Language/L.PK.MA.1.e: Use the most frequently occurring prepositions (e.g., to, from, in, out, on, off, for, of, by, with).
MA Draft STE Standards:
Physical Sciences/Motion and Stability; Forces and Interaction/PS2.B: Using evidence, discuss ideas about what is making something move the way it does and how some movements can be controlled. [Cause and Effect, Stability and Change]
Head Start Outcomes:
Logic and Reasoning/Reasoning and Problem Solving: Recognizes cause and effect relationships.
Science Knowledge/Scientific Skills and Method: Collects, describes, and records information through discussions, drawings, maps, and charts.
Science Knowledge/Scientific Skills and Method: Observes and discusses common properties, differences, and comparisons among objects.
PreK Learning Guidelines:
English Language Arts/Language 2: Participate actively in discussions, listen to the ideas of others, and ask and answer relevant questions.
Talk Together: Talk about Tracks
STEM Key Concepts: A ramp, or inclined plane, is a surface with one end higher than the other
ELA Focus Skills: Speaking and Listening, Vocabulary
Gather children in a circle. Place the toy tracks in the middle of the circle. Trace the track with your fingers and invite a child to do the same. Say, This is called a trackway. Have you ever seen a trackway before?
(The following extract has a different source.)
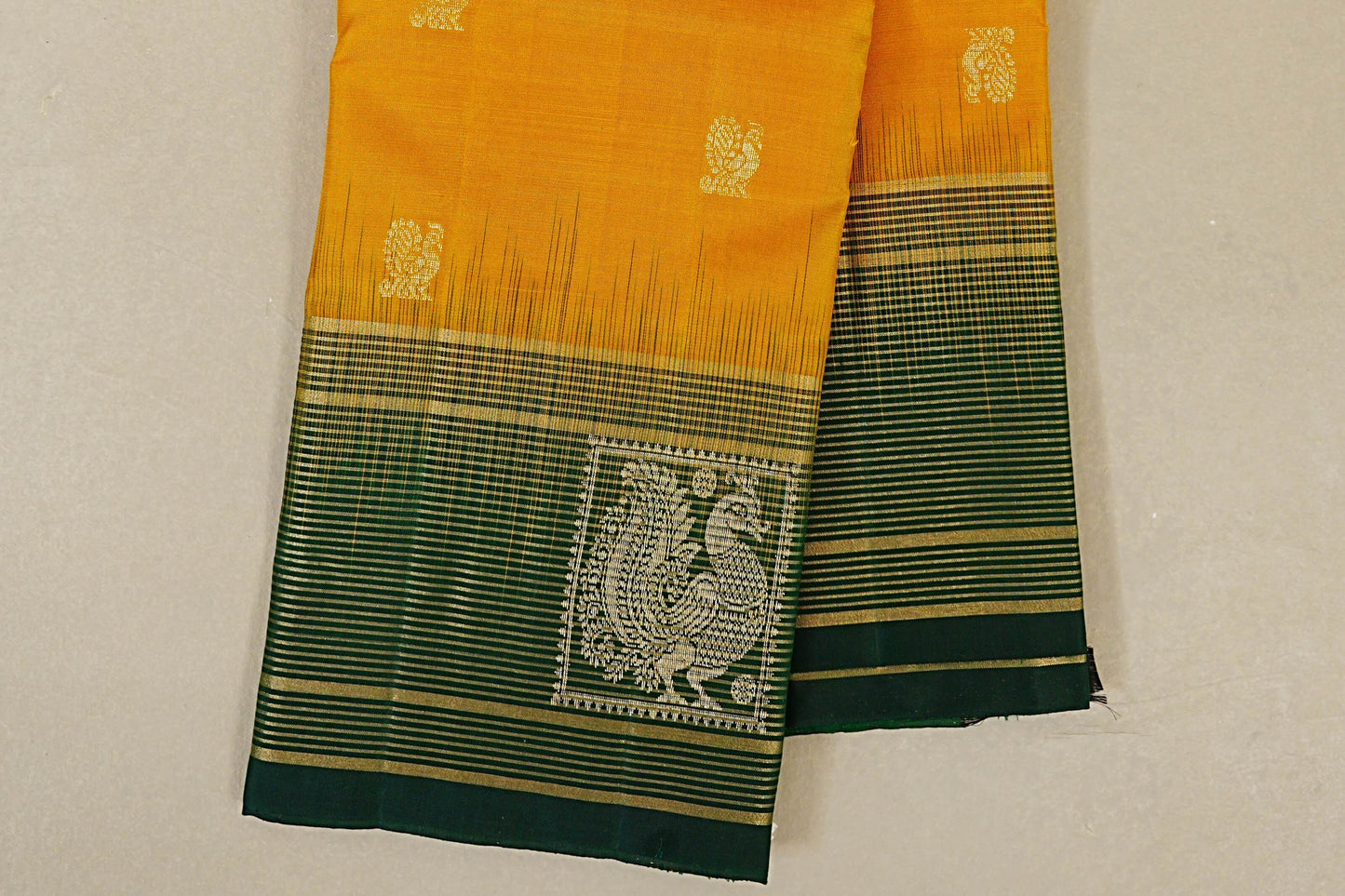 Mango Yellow Light Weight Kanchipuram Silk Saree border zoom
What do you think they are used for?
- Encourage children to talk about the shape of the track and identify and describe any inclined planes, or ramps.
- Encourage children to use the words up and down as they describe how they are moving the cars on the ramps, and whether the car travels faster or slower while going up or down the ramp.
Show children the pictures of real trackways. Ask children to share a time they have seen real trackways or seen them in books or on video. Talk about how tracks, such as train tracks, keep the train on a straight path, and how the surface texture of the tracks helps objects move on them.
Social Emotional Tip: Emphasize that we are all alike but that each person is special, with his or her own ideas. So each person may visualize the same thing differently.
English Language Learners: Whenever possible, demonstrate word meanings with gestures. Have children repeat the key words and the gestures after you.